Classical economics acknowledges value as a central concept and defines it as value-in-exchange. The value of anything in this formulation is what it can exchange for. The problem with this is that there can never be a general increase in value. Anytime something increases in value, something else must necessarily decrease in value. Value is not only relative but it is also reciprocal. In a Robinson Crusoe economy, a favorite pedagogical device in Classical economics, when coconuts rise in value they do so not only in relation to but also inversely to let us say boats. Since there can never be a general rise in value, humans are stuck in a mad system of competition. I can only increase my value at an equal cost to someone else.

Marxian economics significantly improves on this notion of value by bringing in the concept of surplus value. While most commodities trade for their value-in-exchange, labor suffers from an asymmetry that explains the origin of value in the first place. While the fruits of labor receive their value-in-exchange, labor itself is only paid its value-in-use. Though a worker may produce ten boats in a day's work (value-in-exchange), labor is paid only what is needed to socially reproduce itself (value-in-use). Perhaps the equivalent of one boat is sufficient to keep the worker coming to work each day. This leaves nine boats for the capitalist which constitute the surplus value.

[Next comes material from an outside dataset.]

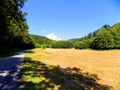 Asphalt road in nature Royalty Free Stock Photo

While Marx's construction of the concept of surplus value is a huge improvement on the Classical formulation, it has in recent times lost its power of explanation. After all surplus value makes sense only when people are engaged in largely creating things of value. But most things produced in our time have no dignity value at all. The exploitation is no longer in terms of the stealing of value created away from workers but the non-creation of value in itself. Value-in-exchange for the majority of material objects is high. Surplus value is high. But dignity value is close to zero.